Wheat and corn futures had “more or less” recovered, agreed Byron Behne, senior marketing manager at Northwest Grain Growers in Walla Walla, Wash,, pointing to decreased value of the U.S. dollar.
“That’s good for exports, I guess, but it remains to be seen as to whether any of these countries we sell wheat to — which, most of the countries on the list, certainly all of the Asian countries, are major soft white buyers, so we’ll have to see what they respond with and whether or not agriculture’s going to be affected by that,” Behne said.
The cash market also appears unchanged, Behne said. “Everybody’s kind of waiting for the next shoe to drop,” he said.
Cold front
The wheat market has gone back to trading based on weather, Newsom said.
“There is a cold front supposed to move through for the winter wheat growing areas, bringing a little bit of buying into the markets,” he said.
With large wheat supplies, Newsom doesn’t see much upside for wheat prices. Any rallies will be short-lived and come from the non-commercial side, such as investment traders, hedge funds and speculators.
More worrisome
A larger concern is the U.S. Trade Representative’s Section 301 proposal to impose fees on Chinese-built ships, which could begin in mid-April, Behne said.

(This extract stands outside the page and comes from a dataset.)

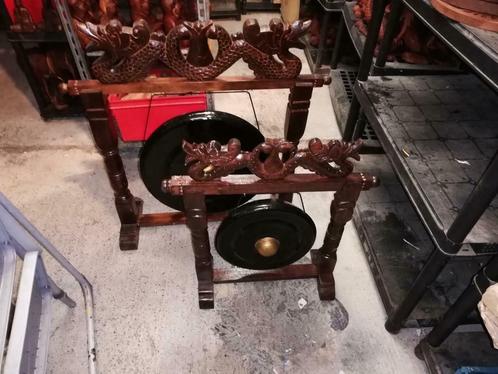 gong 35 cm de diamètre avec cadre en bois dragon, Musique & Instruments, Percussions, Neuf, Enlèvement ou Envoi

“If that happens, that’s a big deal,” he said. “That’s hurting us right now; exporters can’t get freight quotes for June-forward business, or if they can, it’s really expensive.That’s what I’m worried about, more than what just went down with the stuff (April 2).”

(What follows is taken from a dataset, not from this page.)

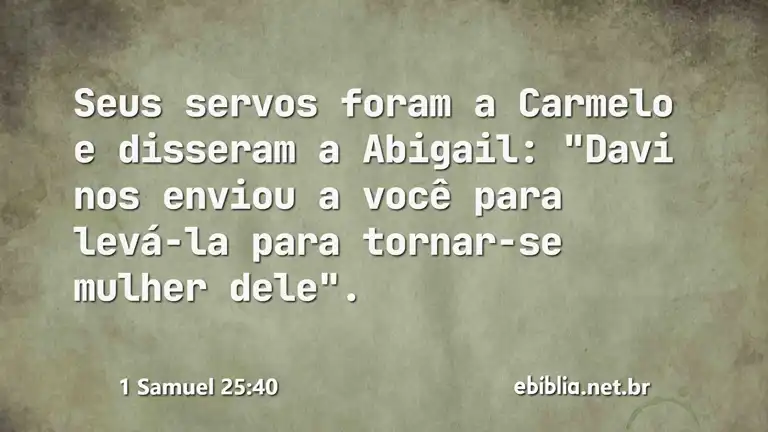 1 Samuel 25:40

More than 80% of wheat gets exported in the Pacific Northwest, he noted.
As proposed, the fees potentially add 50 cents per bushel to costs, Behne said.
Volatility
“Volatility is exploding” in the overall U.S. stock market, investments and value of the U.S. dollar, Newsom said.
“What happens when there is a great deal of uncertainty is volatility goes up,” he said. “We have nothing but uncertainty right now. You never know what the next thing is going to be … It just means all bets are off, all the time, and wise investors are simply going over to treasuries, which, while wilder than usual, are still relatively calm.”

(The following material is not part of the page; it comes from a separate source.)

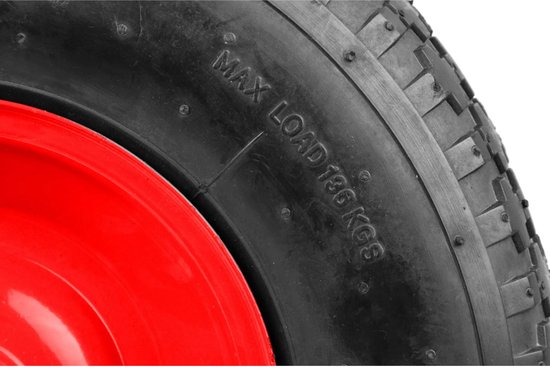 GEKO Rubberwiel voor kruiwagen - 90 kg draagkracht - 320 mm diameter - Met as inbegrepen van Geko — afbeelding 4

Newsom doesn’t see longer-term impacts for wheat from the tariffs, compared to effects for soybean, cotton and other commodities.
“The U.S. just simply took itself out of the game,” he said. “Many of the world’s largest buyers won’t buy from the United States. Russia and Ukraine are still shipping everywhere. The reality is what the reality has been for quite a while: Whatever demand is, the U.S. has plenty of supplies and it’s just not going to change.“
Steiner “without a doubt” believes Trump’s tariffs are a positive move.
Trump has already said that he’s going to protect the U.S. agriculture sector, likely through something similar to the Marketing Assistance Program, which paid farmers about 60 cents per bushel for wheat to keep them whole in the midst of trade disputes with China, he said.
“He kept the farmers whole and I expect the same thing’s going to happen again this time,” Steiner said. “All farmers ever wanted was a level playing field. I don’t see this as a bad thing, I don’t see this as a disaster.”